Special Session to take place at ACII 2009 on current challenges in the recognition of emotion from speech

 

"Recognition of Non-Prototypical Emotion from Speech - The final frontier?"

Special Session with Panel Discussion


Organisers:

Bjoern Schuller (Technische Universitaet Muenchen, Germany)
Anton Batliner (FAU Erlangen-Nuremberg, Germany)
Stefan Steidl (FAU Erlangen-Nuremberg, Germany)
Dino Seppi (Katholieke Universiteit Leuven, Belgium)
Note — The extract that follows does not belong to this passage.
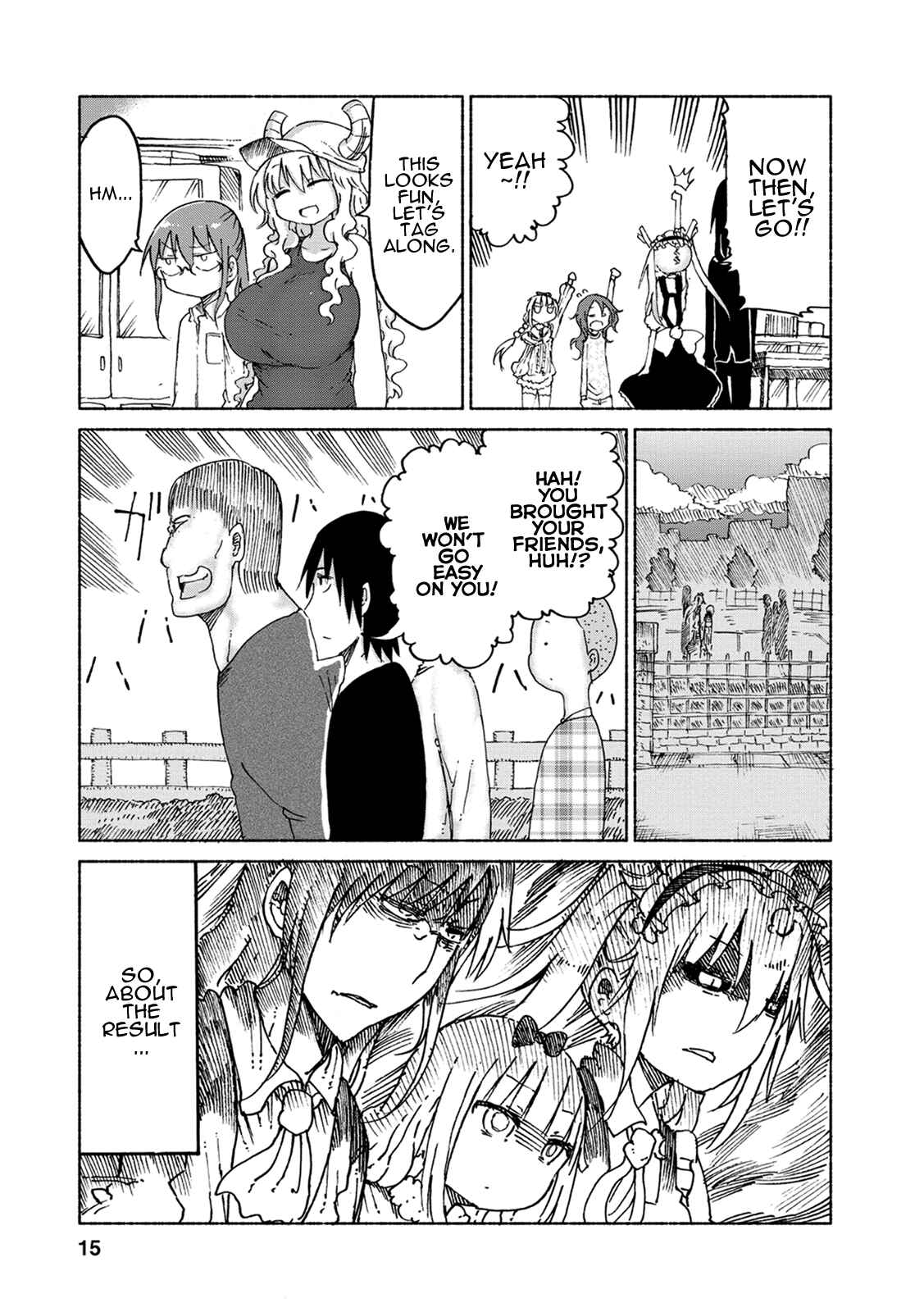 Kobayashi-san Chi no Maid Dragon Chapter 21 page 13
After switching from acted to naturally occurring emotions and emotion-related states, from limited textual variation to spontaneous speech and reaching acceptable subject-independency it is time to face one of the last barriers prior to integration of emotion recognition from speech into real-life technology: non-prototypicality. In emotion processing, normally a pre-segmented subset of a full recording is taken consisting of somehow clear, i.e. more or less prototypical cases with respect to inter-labeller agreement. This is not only a clever move to push classification performance, it simply has grown out from the problem of class assignment in emotion processing: there is no simple and unequivocal ground truth. Using „realistic data?, however, not only means using spontaneous data, it means as well using all these data as in a dialog system, media retrieval or surveillance tasks. This second, sort of „quantitative? aspect, has still been neglected by and large. With this special session we aim to shed light on the performance loss to be expected, and find new paradigms to cope with this challenge as detection or spotting of emotion with potential garbage classes or decoding stages - potentially also including different quality measurement as ROC-curves with Equal Error Rates (EER), or the Area Under Curve (AUC).

A number of invited talks served as basis to initiate a panel discussion on dealing with non-prototypical emotion as the "final frontier" towards reliable real-life application of engines.

Contributions covered the field of emotion recognition from speech facing the following conditions:
  • Natural emotion / emotion-related states / non-linguistic vocalisations
  • Spontaneous speech
  • Large datasets
  • Non-prototypical emotions/states/vocalisations, i.e. dealing with any speech recorded and not only such with high inter-labeler-agreement, preferably also not pre-segmented.
We would like to thank the audience and our panelists (click on the names for the panel slides) Elisabeth André, Felix Burkhardt, Laurence Devillers, Shrikanth Narayanan, Jianhua Tao, and Björn Schuller, which each gave a talk on the topic and a short presentation answering two questions, we had asked them in advance, and following a short introduction by Anton Batliner:
  • “What is the most promising approach that youcan imagine so far towards dealing with non-prototypical emotion?”
  • “What are the most challenging problems we all have to face in this respect?”
Following, the paper presentations are listed with linked slides.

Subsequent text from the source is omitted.